_WORK ITEM_:
Give back exactly the lines of the material below that start at the one holding "iStock/PhotographerCW Gelbe Fahne" and end at the last line, minus the pictures.

_DATA EXTRACT_:
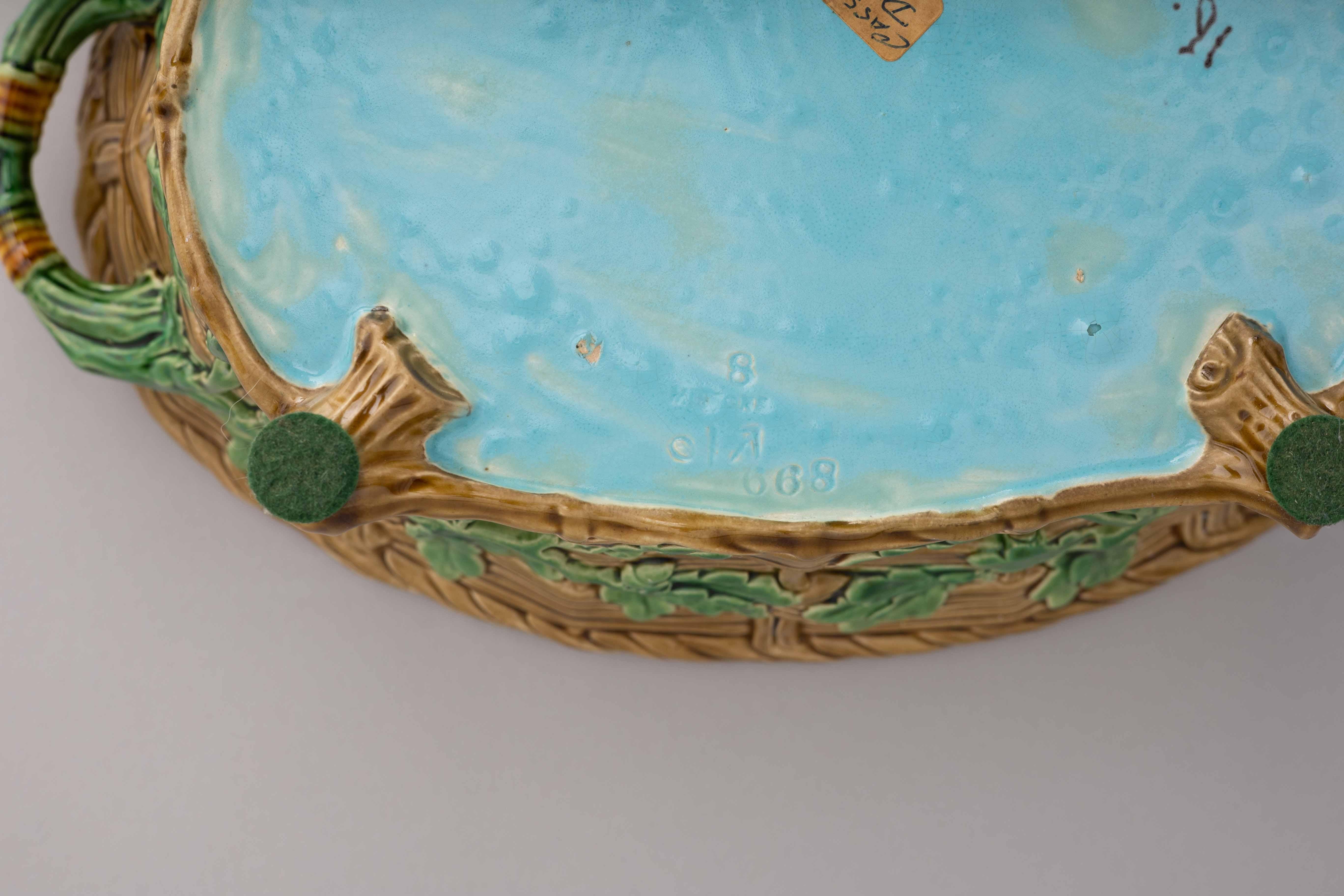 English Victorian Majolica Game Pie Dish Made by Minton & Co. For Sale 3
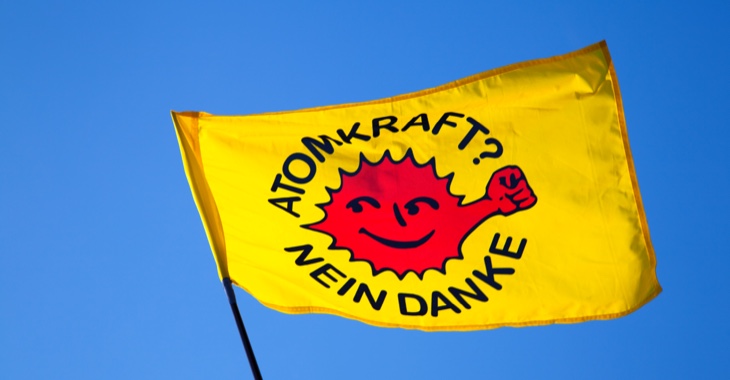 Gelbe Fahne mit der Aufschrift: Atomkraft? Nein danke! © iStock/PhotographerCW Gelbe Fahne mit der Aufschrift: Atomkraft? Nein danke! © iStock/PhotographerCW
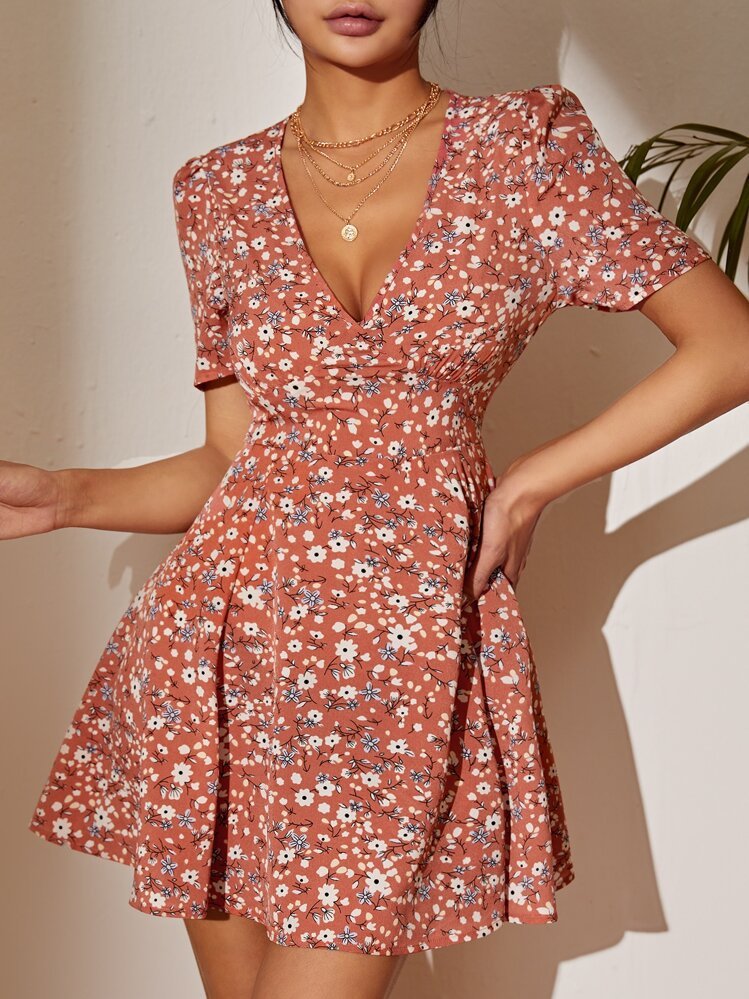 Robe shein intacte parfaite pour l'été 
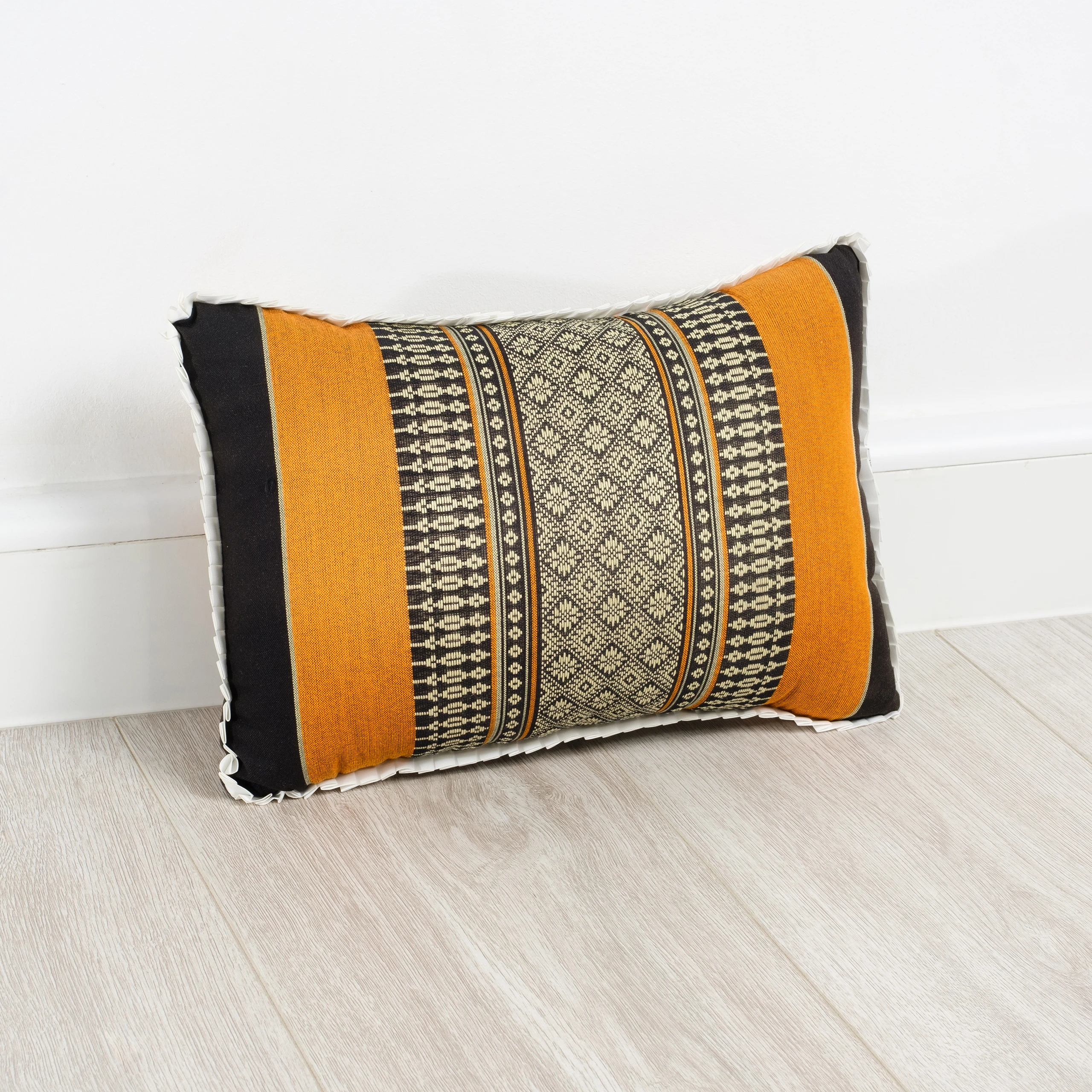 Kapok Throw Pillow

_TASK RESPONSE_:
 Gelbe Fahne mit der Aufschrift: Atomkraft? Nein danke! © iStock/PhotographerCW Gelbe Fahne mit der Aufschrift: Atomkraft? Nein danke! © iStock/PhotographerCW
 Robe shein intacte parfaite pour l'été 
 Kapok Throw Pillow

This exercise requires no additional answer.